Everyone loves to PR. There's nothing better than watching the numbers of your maxes go up and feeling stronger than you did a few weeks or months ago; however, sometimes this kind of PR isn't in the cards, and that's ok. There's more than 1 type of PR.

For example, let's take the workout, "Diane," which we're testing this cycle. When we first did this workout, I saw a lot of technical errors on handstand push-ups- mostly an inability to stabilize at the top of the handstand. This means there were lots of students just barely pushing up, then falling right back down to a headstand. Not surprisingly, this is actually a really fast way to do Diane, but only because you're not doing the full movement. As we've talked about and drilled this cycle, a handstand ends in a locked out and stabilized position with the hips off the wall. This is why we've drilled so much handstand and stabilization work throughout this cycle. When those of you who could not properly stabilize a handstand perform Diane again, you will undoubtedly be slower, because you will be doing the full movement. This is a technical PR. You've improved your movement quality. This, in the long run, is WAY more important than going faster. It means injury prevention and greater efficiency in the long run. 

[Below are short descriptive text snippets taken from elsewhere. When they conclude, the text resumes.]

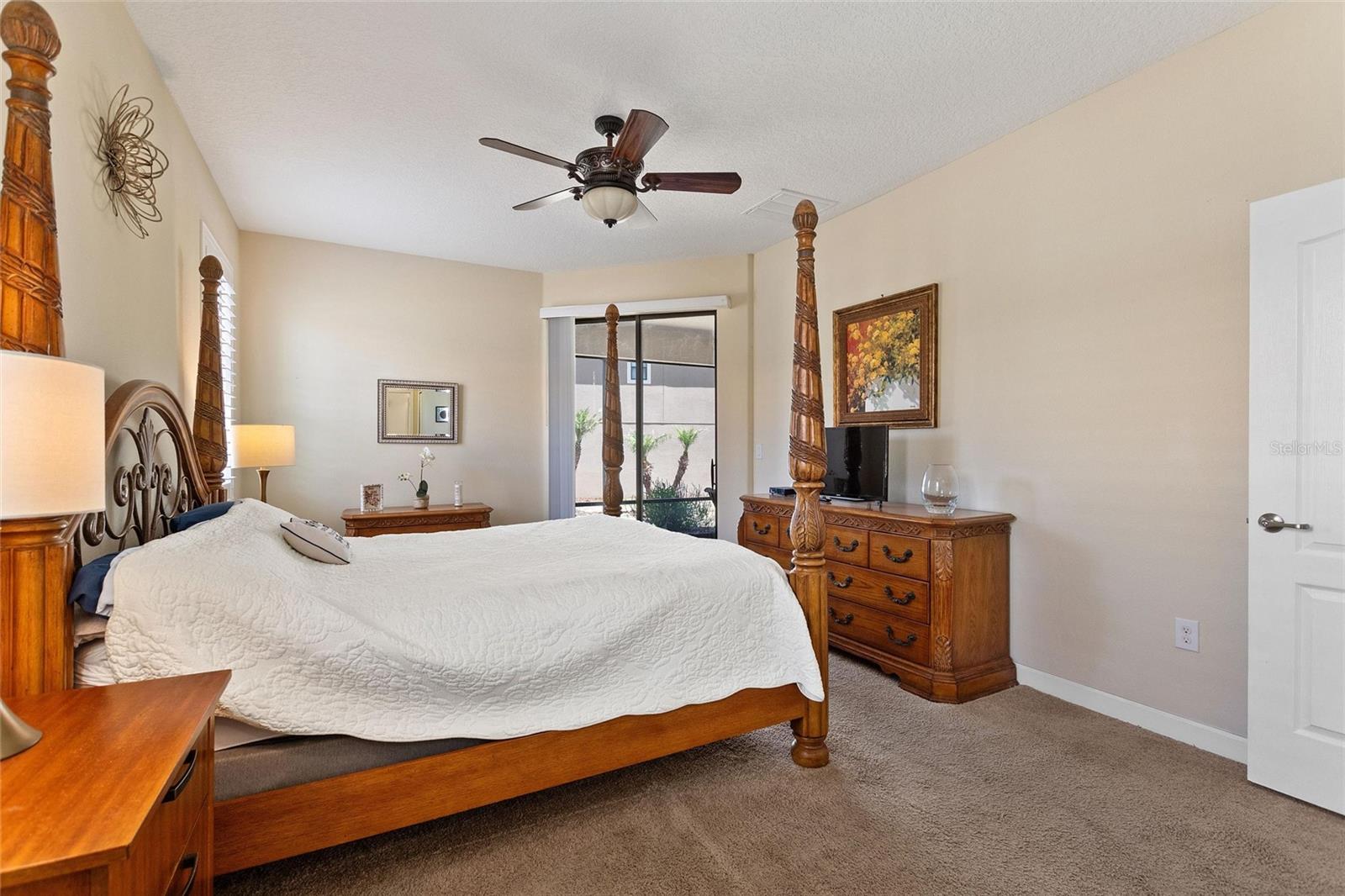 Image 15 of 68 For 8961 Dove Valley Way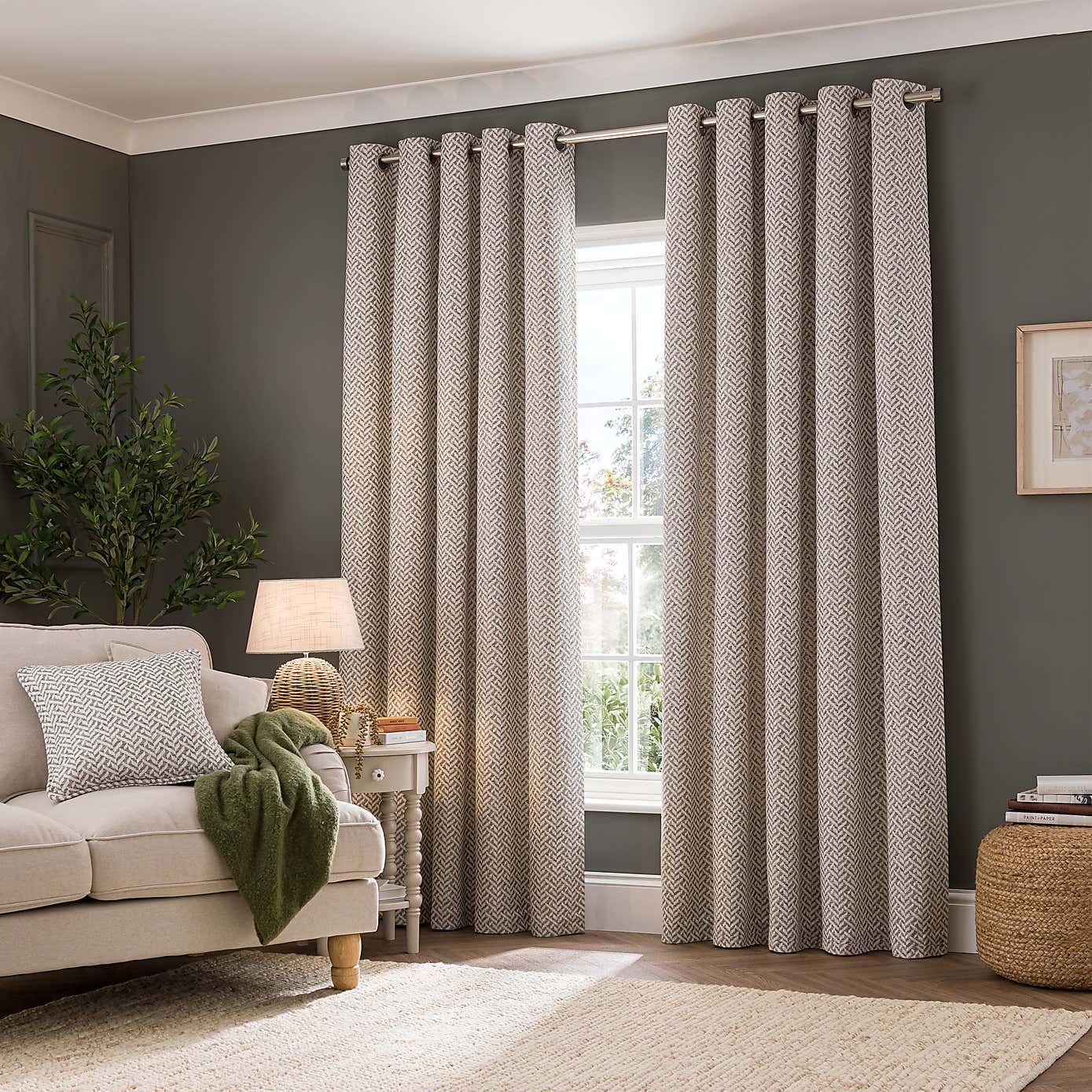 Carousel zoom image position 2 of 5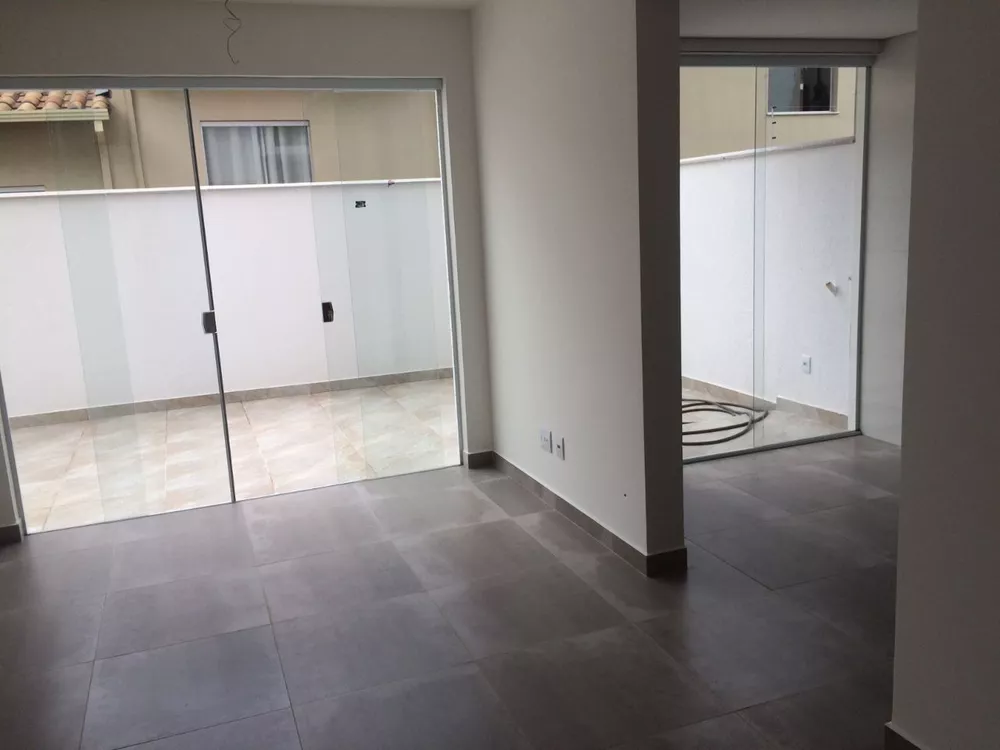 Apartamento à venda com 3 quartos, 70m² - Foto 2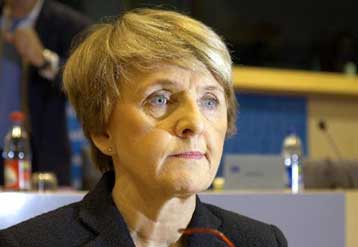 Στην Αθήνα η αρμόδια επίτροπος για την Περιφερειακή Πολιτική Ντανούτα Χούμπνερ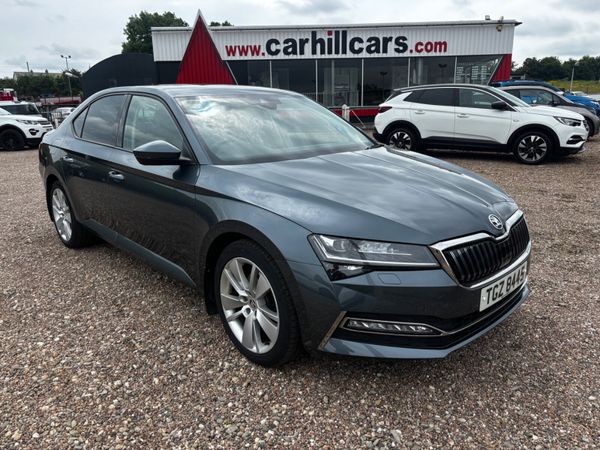 Skoda Superb Hatchback, Petrol Hybrid, 2021, Grey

Perhaps when you did your max deadlift your hips rose faster than your chest. If you've been focusing on building your hamstrings and posterior chain this cycle to keep your hips down on your deadlift, my goal for you isn't necessarily to add 30lbs to your max. It takes time to build new muscles that weren't integrated in the movement before. My goal for you is to hit the same weight in the right way. 

Improvement doesn't always come in numbers. Movement quality is the ultimate goal at this point in your CrossFit careers. That doesn't mean you shouldn't compete with yourself and push yourself to lift to your capacity. But it does mean that you should value the quality of movement just as much or more than the number.